MORE than 1,000 people living in sheltered accommodation are set to get a share of a £1million windfall after being overcharged for their heating for six years.

Anyone living in sheltered accommodation or tower blocks where there is a communal heating system are set to be refunded by the council and South Essex Homes, which runs the housing for the council.

Some tenants could receive up to £1,400 after making overpayments for heating and hot water between April 2009 and April 2015.

One resident in Trafford House sheltered accommodation in Manchester Drive, Leigh, said: “We all received letters stating they had been overcharging tenants by up to £4.29 a week.

“Apparently this has only just come to light and they are now going to repay the money in a one off payment to each tenant.

“I’d just like to know where they are going to find the money. I thought they were supposed to be skint.”
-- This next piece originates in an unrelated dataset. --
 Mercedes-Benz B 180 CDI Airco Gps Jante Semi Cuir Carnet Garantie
The tenant, who asked not to be named, added: “I’ve not been here long so will get about £230 but some have been here for the full six years and stand to get about £1,400.
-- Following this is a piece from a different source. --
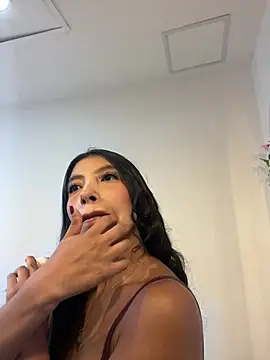 Tiffany Low online show from 27, 6, 2026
“I can pay my credit card off. What a result!

“I worry what services will suffer to cover this cost but I won’t be giving it back.
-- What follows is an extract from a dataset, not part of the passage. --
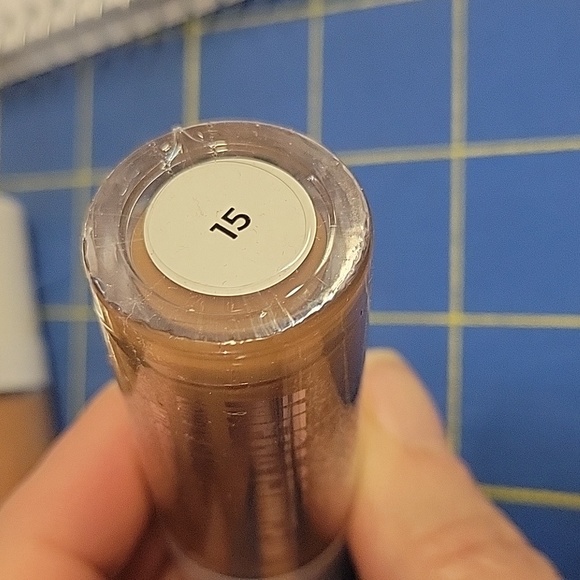Revolution Mega Conceal Longwear Concealer - Tan - Picture 5 of 5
“Surely there must be checks in place to make sure this doesn't happen.”

A council spokesman admitted the tenants had been overcharged and would be reimbursed in a one-off payment.

He said: “The council has, since 2009, been charging tenants for communal heating, based on estimated usage and costs, which has led to an over-recovery of money from those tenants who live in accommodation with communal heating systems. This over-recovery has recently been identified and therefore tenants affected will be reimbursed by a one off sum in the next few weeks.

“This affects approximately 1,100 tenants and the amount of repayment will depend on how long an individual tenant has been paying the heating charges based on estimated usage and costs.”

David Norman, councillor responsible for housing said: “Heating charges from 2008/09 to 2014/15 were based on actual costs plus an allowance for estimated increase in gas costs each year. Despite this only resulting in a 10 per cent increase in that time, we have found that the money recovered was more than the energy consumed.”